Task item
Output the line containing "hummingbird-tucson" and each line after it through the end of the data, exactly as written, with pictures left out.

Collected material
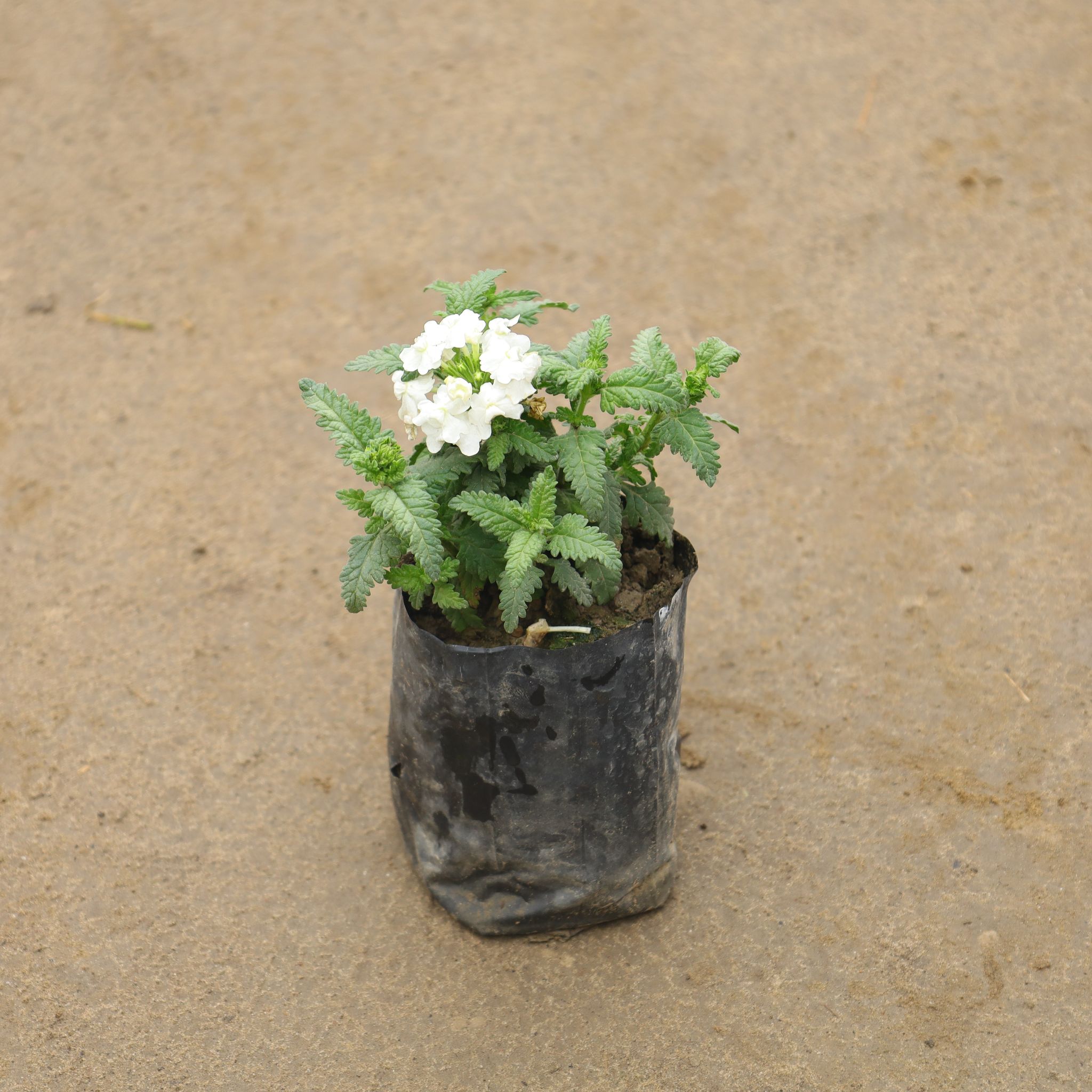 Verbena In 4 Inch Nursery Bag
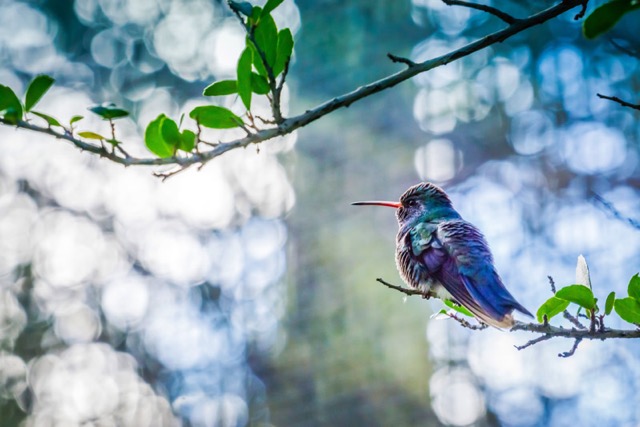 hummingbird-tucson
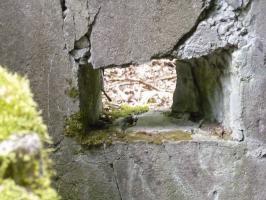 Ligne Maginot - M1B - TAUBRUNNENWALD - (Blockhaus pour arme infanterie) - 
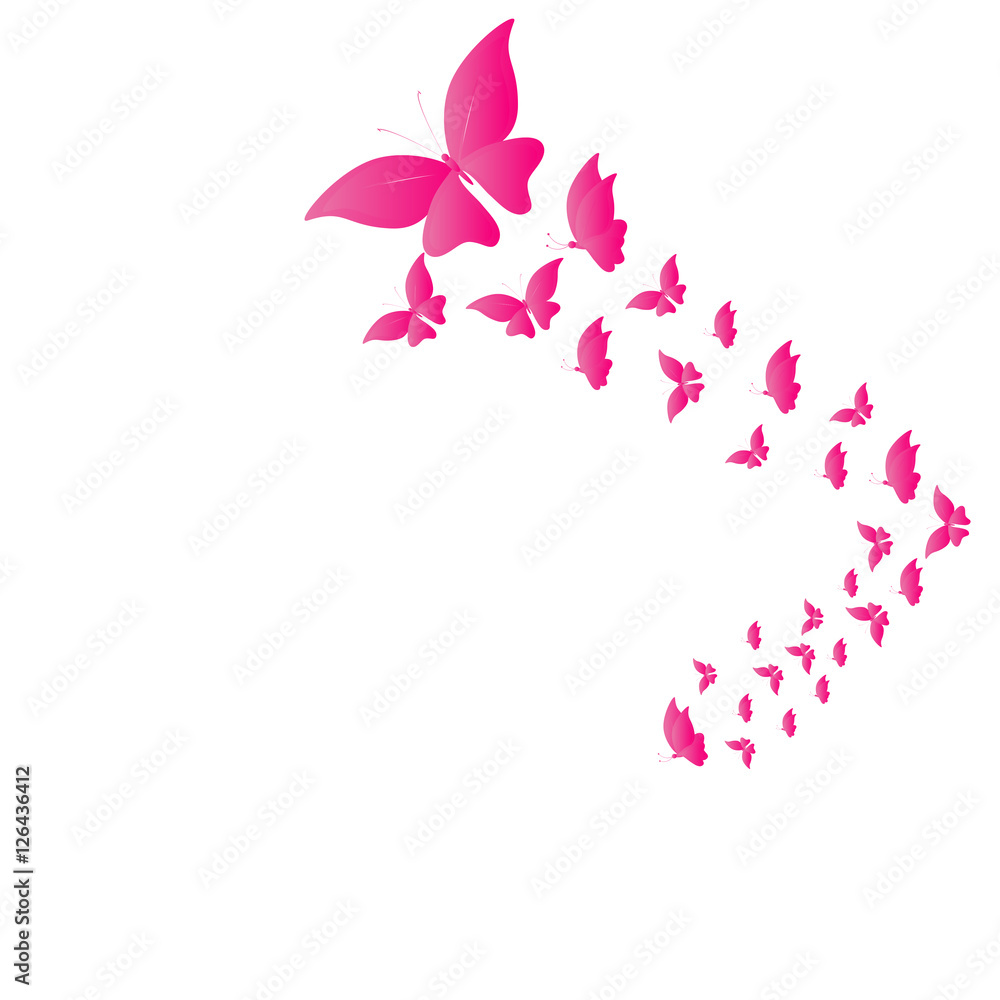 beautiful butterflies, isolated on a white beautiful butterflies, isolated on a white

Expected answer
 hummingbird-tucson
 Ligne Maginot - M1B - TAUBRUNNENWALD - (Blockhaus pour arme infanterie) - 
 beautiful butterflies, isolated on a white beautiful butterflies, isolated on a white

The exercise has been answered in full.